§ Action item: Using the data below, return the stretch from the line that contains "Connor's Thoughts About One Piece: Red Movie" through the line that contains "stuffed animal flashlight", both included, exactly as it stands and nothing beyond it.

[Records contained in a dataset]
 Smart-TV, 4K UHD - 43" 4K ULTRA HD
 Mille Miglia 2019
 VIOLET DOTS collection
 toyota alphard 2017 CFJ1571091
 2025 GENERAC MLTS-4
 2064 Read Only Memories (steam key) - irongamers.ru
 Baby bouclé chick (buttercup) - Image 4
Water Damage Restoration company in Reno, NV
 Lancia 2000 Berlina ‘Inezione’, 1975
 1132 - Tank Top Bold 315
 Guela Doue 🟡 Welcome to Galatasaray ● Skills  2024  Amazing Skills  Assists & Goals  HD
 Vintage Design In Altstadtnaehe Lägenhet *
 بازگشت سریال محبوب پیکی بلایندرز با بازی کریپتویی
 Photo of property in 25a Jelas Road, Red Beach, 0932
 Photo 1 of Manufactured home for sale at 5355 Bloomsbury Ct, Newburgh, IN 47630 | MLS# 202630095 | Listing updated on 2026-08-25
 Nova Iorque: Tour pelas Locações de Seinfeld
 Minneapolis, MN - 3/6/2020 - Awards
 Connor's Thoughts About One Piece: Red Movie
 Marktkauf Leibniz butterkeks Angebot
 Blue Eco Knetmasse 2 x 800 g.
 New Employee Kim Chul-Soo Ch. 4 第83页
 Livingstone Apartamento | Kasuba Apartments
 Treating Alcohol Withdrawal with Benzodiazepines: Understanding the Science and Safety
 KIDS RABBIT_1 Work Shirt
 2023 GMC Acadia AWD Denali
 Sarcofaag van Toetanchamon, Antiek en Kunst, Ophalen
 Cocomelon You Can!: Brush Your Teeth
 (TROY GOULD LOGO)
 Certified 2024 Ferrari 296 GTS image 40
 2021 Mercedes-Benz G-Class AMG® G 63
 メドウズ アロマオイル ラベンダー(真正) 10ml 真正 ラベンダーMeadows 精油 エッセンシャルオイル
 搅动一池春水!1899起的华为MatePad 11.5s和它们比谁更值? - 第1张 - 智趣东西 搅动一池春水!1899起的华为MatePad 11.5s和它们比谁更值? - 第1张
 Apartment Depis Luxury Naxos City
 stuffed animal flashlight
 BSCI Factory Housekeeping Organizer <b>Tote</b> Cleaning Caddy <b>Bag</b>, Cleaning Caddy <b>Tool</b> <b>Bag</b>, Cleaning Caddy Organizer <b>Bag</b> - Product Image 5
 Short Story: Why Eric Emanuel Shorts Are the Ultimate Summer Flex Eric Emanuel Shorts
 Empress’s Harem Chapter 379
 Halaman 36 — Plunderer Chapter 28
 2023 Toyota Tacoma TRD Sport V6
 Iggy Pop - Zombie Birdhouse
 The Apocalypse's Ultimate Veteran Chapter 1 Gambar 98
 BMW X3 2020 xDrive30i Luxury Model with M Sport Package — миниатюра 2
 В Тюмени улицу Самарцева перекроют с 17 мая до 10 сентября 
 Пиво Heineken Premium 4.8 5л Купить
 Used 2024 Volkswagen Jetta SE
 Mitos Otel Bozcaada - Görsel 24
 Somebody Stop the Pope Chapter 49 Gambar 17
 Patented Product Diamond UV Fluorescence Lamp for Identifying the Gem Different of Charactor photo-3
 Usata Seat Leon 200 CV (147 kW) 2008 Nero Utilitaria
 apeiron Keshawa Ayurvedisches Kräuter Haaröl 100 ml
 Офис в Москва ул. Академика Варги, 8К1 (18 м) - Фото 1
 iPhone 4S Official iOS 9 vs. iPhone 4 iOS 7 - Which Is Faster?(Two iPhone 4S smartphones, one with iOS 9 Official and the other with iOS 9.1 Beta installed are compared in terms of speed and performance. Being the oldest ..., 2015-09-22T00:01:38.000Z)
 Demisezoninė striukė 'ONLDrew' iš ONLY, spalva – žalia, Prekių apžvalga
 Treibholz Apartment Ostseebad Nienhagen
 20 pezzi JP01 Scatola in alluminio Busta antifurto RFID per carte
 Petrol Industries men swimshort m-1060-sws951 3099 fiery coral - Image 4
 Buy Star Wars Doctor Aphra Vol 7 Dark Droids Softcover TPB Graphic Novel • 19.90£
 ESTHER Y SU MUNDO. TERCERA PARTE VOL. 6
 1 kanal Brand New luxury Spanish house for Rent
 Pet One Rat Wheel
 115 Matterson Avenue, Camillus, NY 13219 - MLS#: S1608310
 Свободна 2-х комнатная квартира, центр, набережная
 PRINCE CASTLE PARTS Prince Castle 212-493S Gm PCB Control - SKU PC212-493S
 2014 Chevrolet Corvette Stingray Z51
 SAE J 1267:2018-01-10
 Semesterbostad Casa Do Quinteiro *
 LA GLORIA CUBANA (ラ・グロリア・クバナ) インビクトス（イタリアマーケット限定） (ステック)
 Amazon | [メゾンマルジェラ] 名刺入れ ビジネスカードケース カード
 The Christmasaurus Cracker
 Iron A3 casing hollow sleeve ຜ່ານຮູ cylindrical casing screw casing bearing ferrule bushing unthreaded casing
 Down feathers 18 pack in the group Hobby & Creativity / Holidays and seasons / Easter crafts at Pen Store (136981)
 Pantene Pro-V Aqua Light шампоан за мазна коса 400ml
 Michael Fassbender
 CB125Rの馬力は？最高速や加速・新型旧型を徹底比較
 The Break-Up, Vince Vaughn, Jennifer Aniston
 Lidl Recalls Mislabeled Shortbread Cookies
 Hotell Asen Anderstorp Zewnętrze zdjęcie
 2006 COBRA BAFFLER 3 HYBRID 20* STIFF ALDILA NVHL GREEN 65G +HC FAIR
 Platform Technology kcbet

§ Task solution:
 Connor's Thoughts About One Piece: Red Movie
 Marktkauf Leibniz butterkeks Angebot
 Blue Eco Knetmasse 2 x 800 g.
 New Employee Kim Chul-Soo Ch. 4 第83页
 Livingstone Apartamento | Kasuba Apartments
 Treating Alcohol Withdrawal with Benzodiazepines: Understanding the Science and Safety
 KIDS RABBIT_1 Work Shirt
 2023 GMC Acadia AWD Denali
 Sarcofaag van Toetanchamon, Antiek en Kunst, Ophalen
 Cocomelon You Can!: Brush Your Teeth
 (TROY GOULD LOGO)
 Certified 2024 Ferrari 296 GTS image 40
 2021 Mercedes-Benz G-Class AMG® G 63
 メドウズ アロマオイル ラベンダー(真正) 10ml 真正 ラベンダーMeadows 精油 エッセンシャルオイル
 搅动一池春水!1899起的华为MatePad 11.5s和它们比谁更值? - 第1张 - 智趣东西 搅动一池春水!1899起的华为MatePad 11.5s和它们比谁更值? - 第1张
 Apartment Depis Luxury Naxos City
 stuffed animal flashlight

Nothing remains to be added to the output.